HSE Workplace Fatality Statistics - No Room for Complacency in Construction!

HSE Workplace Fatality Statistics - No Room for Complacency in Construction!

10th July 2019

In a stark reminder of why we need to exercise vigilance at all times when it comes to health and safety in the workplace, the Health and Safety Executive (HSE) has released the latest statistics on workplace safety.  The report revealed that there were 147 fatal injuries to workers in the UK in the period covering April 2018 to March 2019 (a rate of 0.45 per 100,000 workers), which is an increase of 6 over the previous year.

Despite the long-term reduction in the number of workplace fatalities here in the UK since 1981, the number has been relatively level in recent years.  However, if we’re to reduce the number of fatalities further, or eliminate them altogether, there is no room for complacency as there is still work to be done. 

The two main sectors in which the deaths occurred were as follows:

  • Agriculture, forestry and fishing – 32 deaths
  • Construction- 30 deaths. 

Despite the fact that agriculture, forestry and fishing accounts for just a small number of the UK’s workforce, it’s responsible for more than 20% of workplace fatalities, so that sector still has a long way to go in addressing health and safety issues.

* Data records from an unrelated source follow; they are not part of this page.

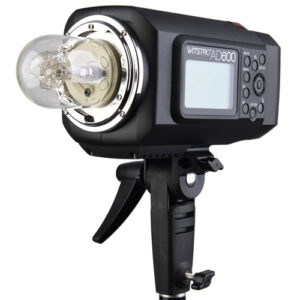 Godox Witstro AD600B Bowens Mount TTL-stroboskooppi on asennettu valotelineeseen, ja siinä on suuri lamppu ja digitaalinen ohjauspaneeli, jossa on useita painikkeita ja säätimiä.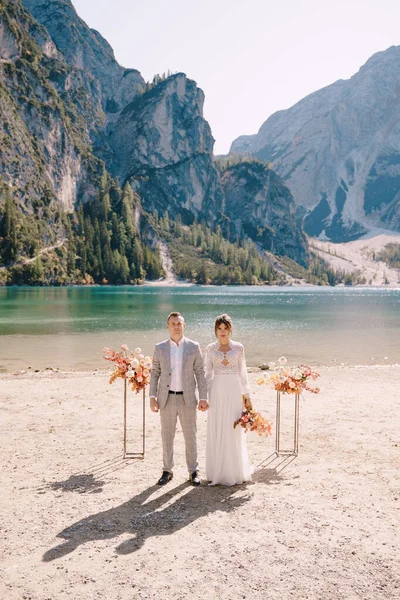 De bruid en bruidegom staan op hun plaats voor de ceremonie, met een boog van herfstbloemkolommen, tegen de achtergrond van het Lago di Braies in Italië. Bestemmingsbruiloft in Europa, aan het Braies meer. — Stockfoto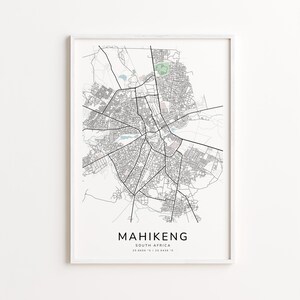 May include: A framed map print of Mahikeng, South Africa, in monochrome. The map shows the city's roads and buildings. The city name and coordinates are printed at the bottom. The frame is white.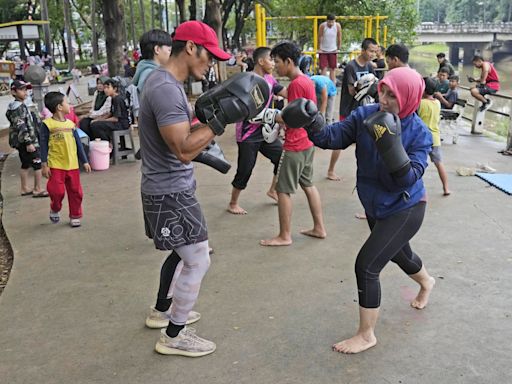 Indonesian women assert themselves with martial arts as gender-based violence remains a challenge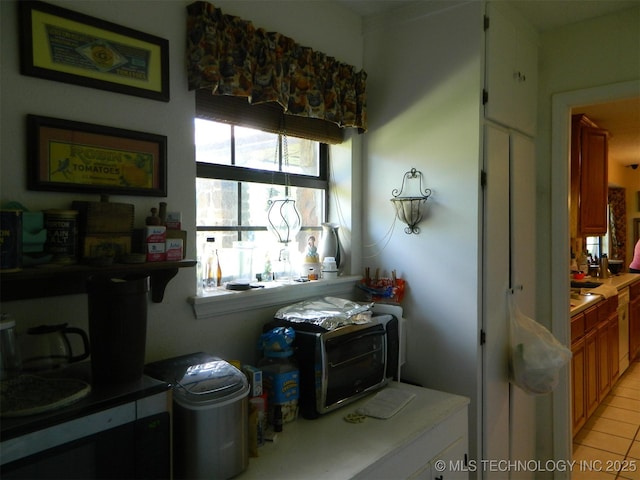 399987 W 3700th Rd, Ramona, OK 74061 - kitchen with light tile patterned flooring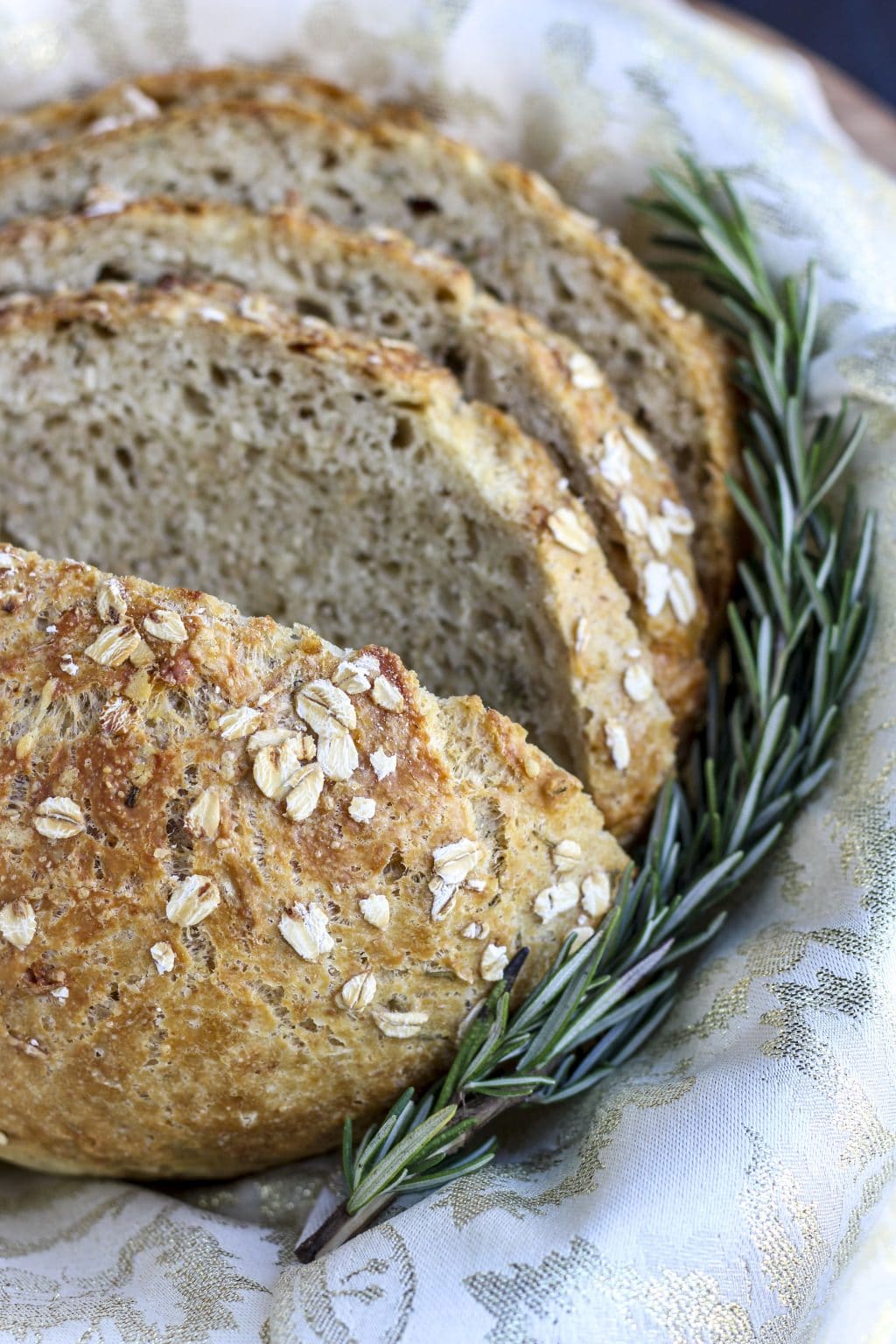 A loaf of bread cut into slices next to a sprig of rosemary in a basket. 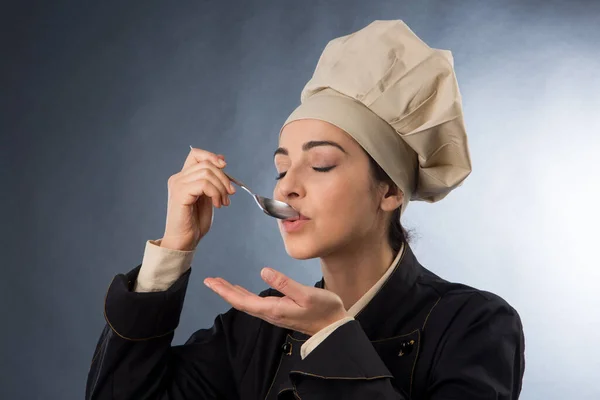 Mujer Chef Prueba Plato Una Cuchara Aislado Sobre Fondo Gris — Foto de Stock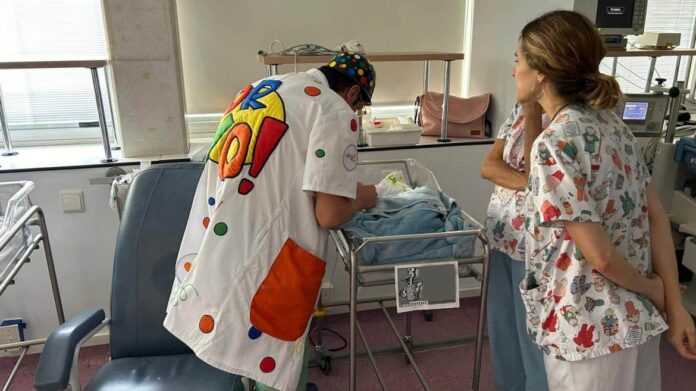 Un payaso visita a un niño en un hospital junto con enfermeras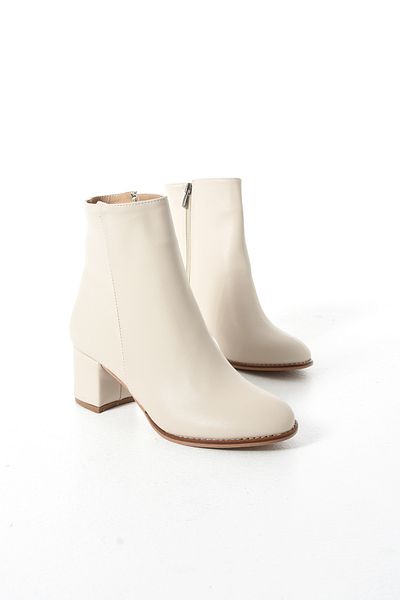 Gökçe Shoes حذاء نسائي ذو كعب بيضاوي كريمي من Raisel للاستخدام اليومي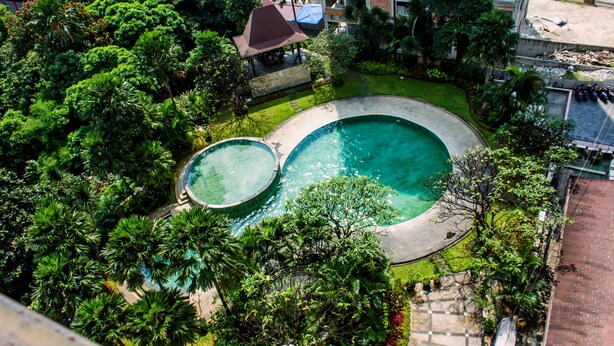 Vue aérienne d’un complexe hôtelier doté de deux piscines, entouré d’une végétation luxuriante et agrémenté d’un petit pavillon.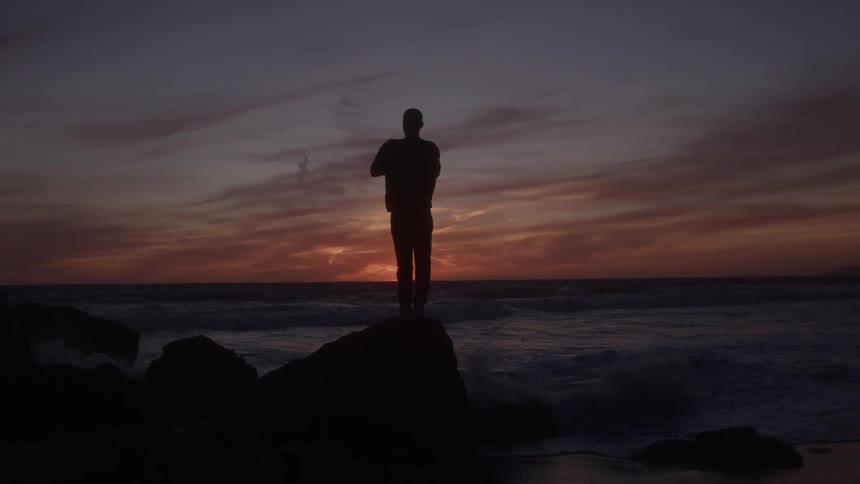 A man stands on a rock by the shoreline at sunset with the sky glowing orange as it gradually fades into darkness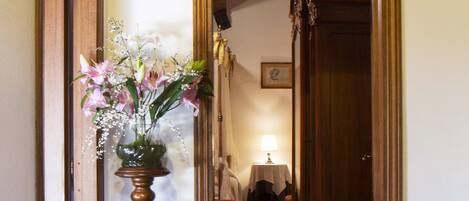 A hallway with a wooden floor, a vase of flowers, and a lamp.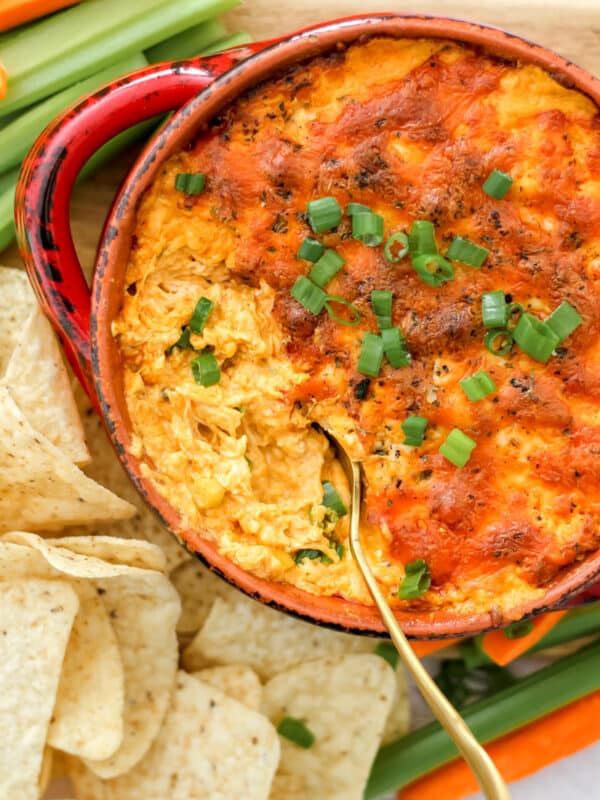 a large dish full of Franks buffalo chicken dip surrounded by tortilla chips and veggies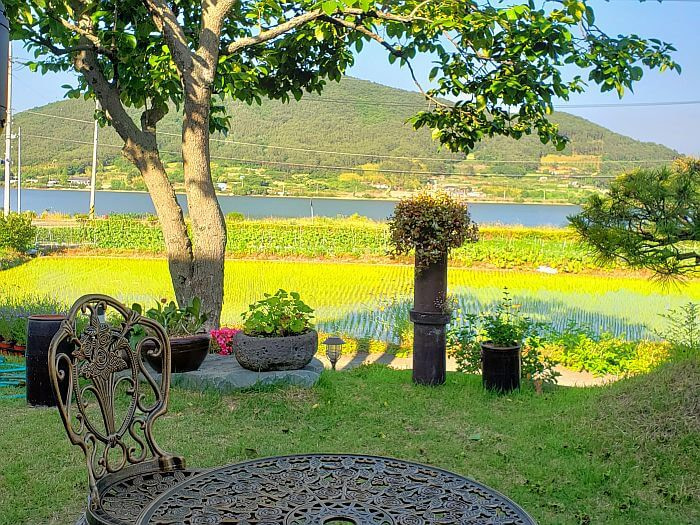 An iron table and chairs outside on grass looking out at Daega Reservoir and mountains
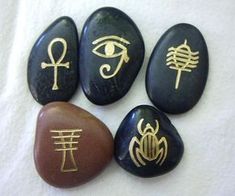 four different types of rocks with symbols painted on them, all in gold and black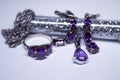 Expensive set of silver women`s jewelry with violet stones - ring, pendant and earrings. , copy space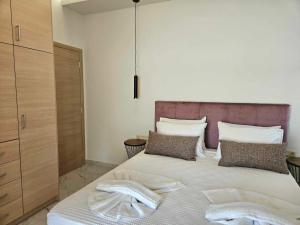 a bedroom with a bed with two towels on it at Our Villa - Villa Rena in Rethymno Town +15 photos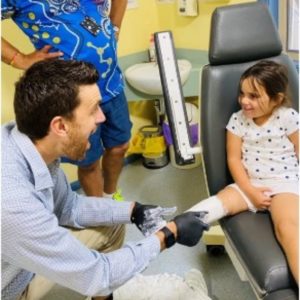 Young child receiving advice around leg amputation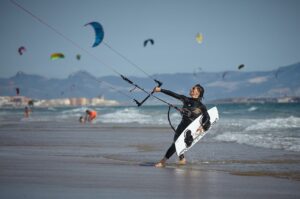 A girl holding a surfboard 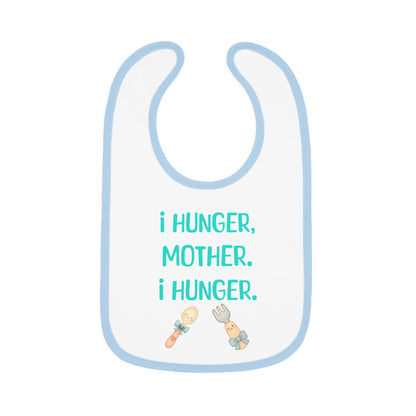 Baby bib with text 'i hunger, mother. i hunger.' and illustrations of a spoon and fork on a white background.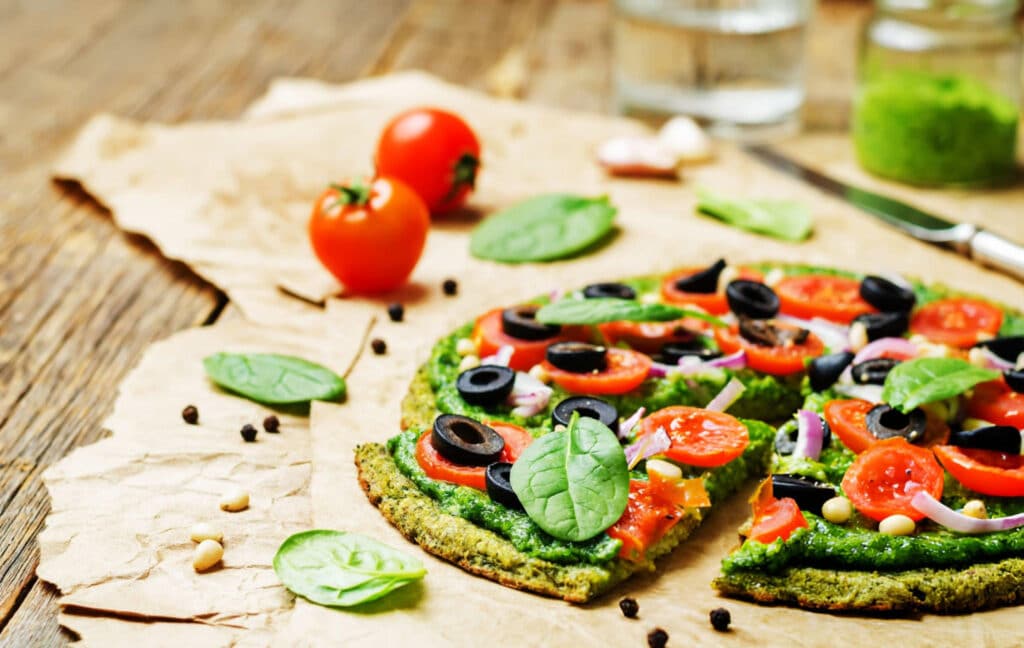 zucchini crust pizza with tomatoes, spinach, and olives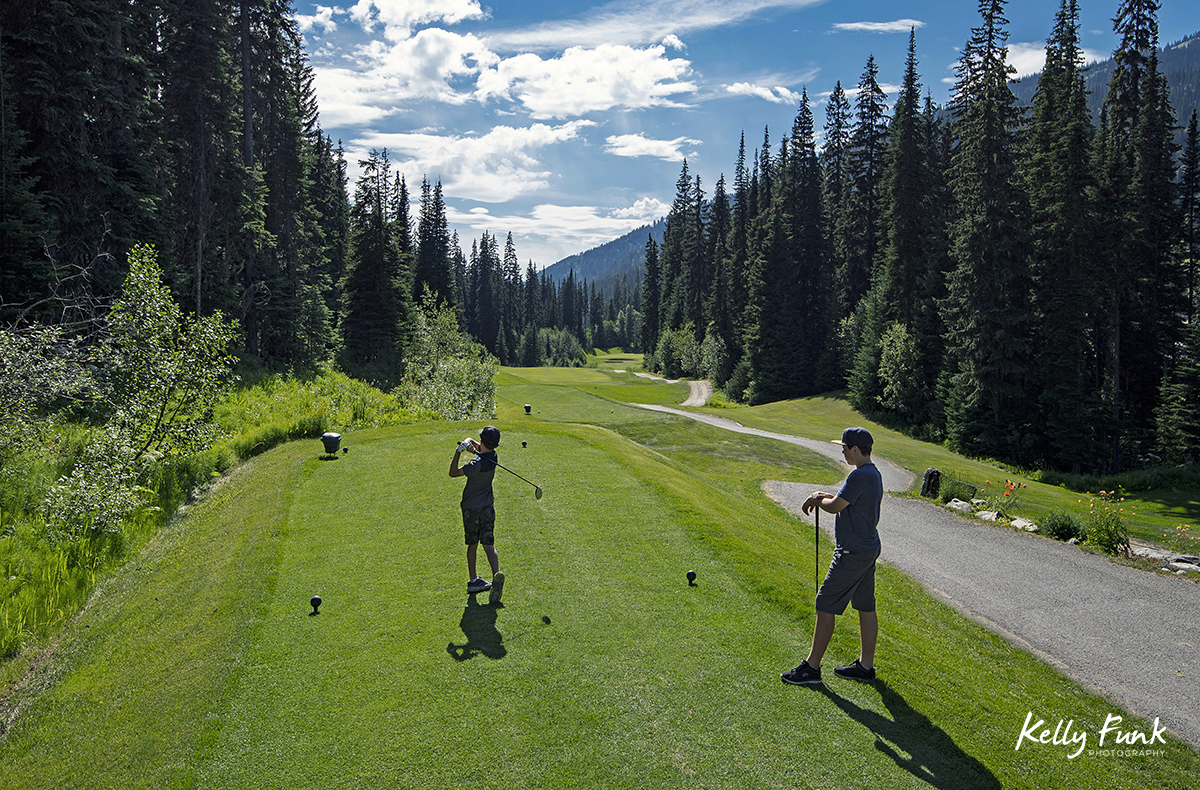 Two boys tee off at the Sun Peaks Resort golf course, north east of Kamloops, British Columbia, Thompson Okanagan region, Canada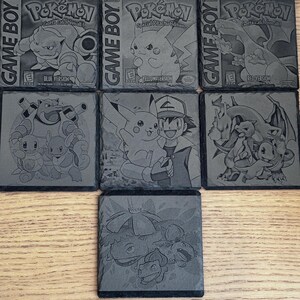 May include: A set of seven gray slate coasters featuring engraved designs from the Pokémon franchise. The coasters depict characters and game box art from various Pokémon versions, including "Blue Version" and "Red Version".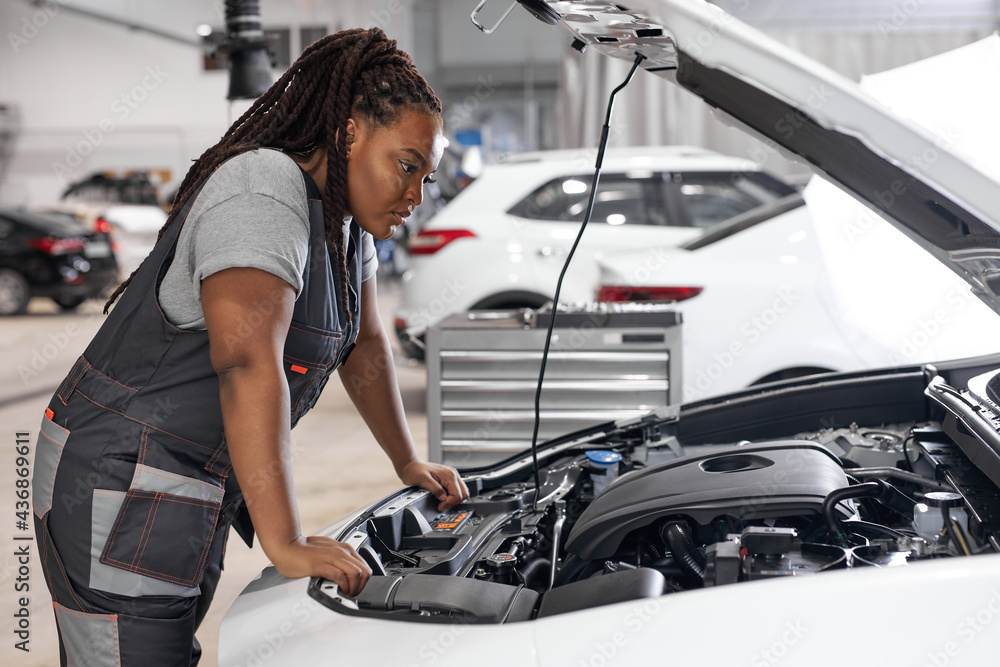 Afro Car mechanic woman is examining under hood of car at repair garage,  wearing overalls, looking confident and concentrated. Side view on female  trying to solve the problem of inoperative engine Photos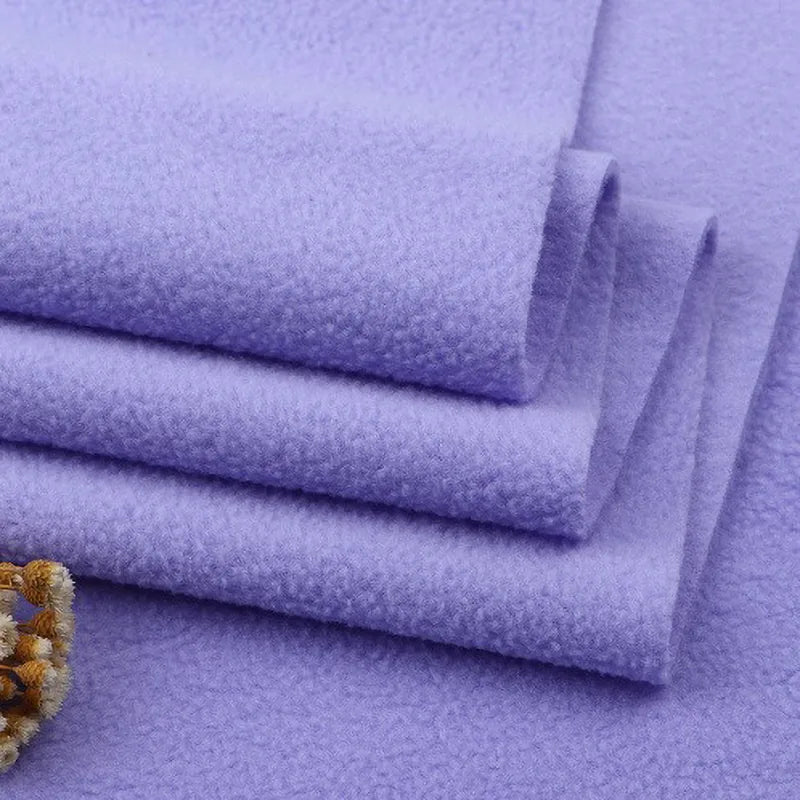 Neatly stacked pieces of Longon Craft Solid Polar Fleece Fabric By The Yard in light purple display a smooth, thick 100% polyester texture—ideal for cozy DIY projects. A beige and brown trim is visible in the lower left corner.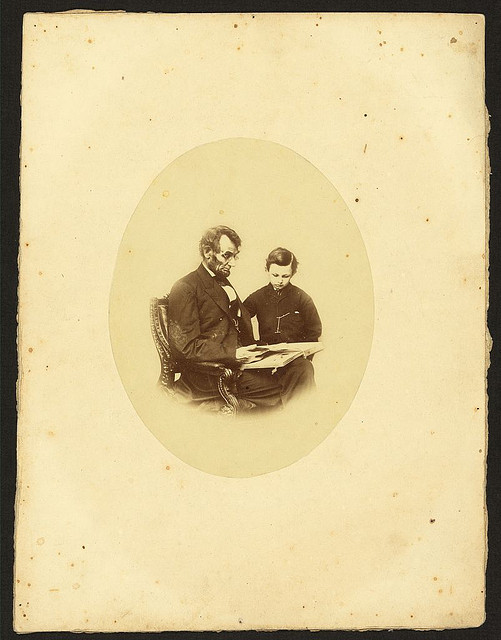 [Abraham Lincoln, U.S. President, looking at a photo album with his son, Tad Lincoln, Feb. 9, 1864] (LOC)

The construction sector, however, accounts for 6.8% of all jobs in Britain, employing a massive workforce of nearly 2.5 million.  This means that the percentage of fatalities in construction workers is much lower – but still an unacceptable number, especially for those who work in the sector. 

The most common causes of fatal injuries in the workplace are:

  • Falling from height (40 deaths)
  • Being struck by a moving vehicle (30)
  • Being struck by a moving object (16)

Whilst not all of these deaths occurred in the construction sector, all three causes are listed as common risk factors when working on construction sites. 

Mesothelioma as a result of past exposure to asbestos was responsible for more than 2.5 thousand deaths here in the UK in 2017.  These figures clearly demonstrate the repercussions the past prolific use of asbestos before its total ban in the UK in 1999. 

There is still plenty of asbestos out there, lurking in buildings across the UK, as we’ve pointed out several times over recent years.  Asbestos is usually discovered during construction, demolition or refurbishment work and there are strict laws governing the discovery and removal of asbestos and asbestos containing materials (ACMs).  Still, this is a timely reminder of the importance of asbestos legislation and the requirement to adhere strictly to the regulations governing asbestos, an issue that anybody working in construction should be fully aware of.

When it comes to age, the statistics reveal that older workers are more at risk than their younger counterparts.  In fact, workers over the age of 60 accounted for 25% of fatal injuries, even though this group accounts for merely 10% of the workforce.

Though not classed as workplace fatalities, 92 members of the public were fatally injured in accidents connected to workplace activities, with roughly a third of those occurring on railways.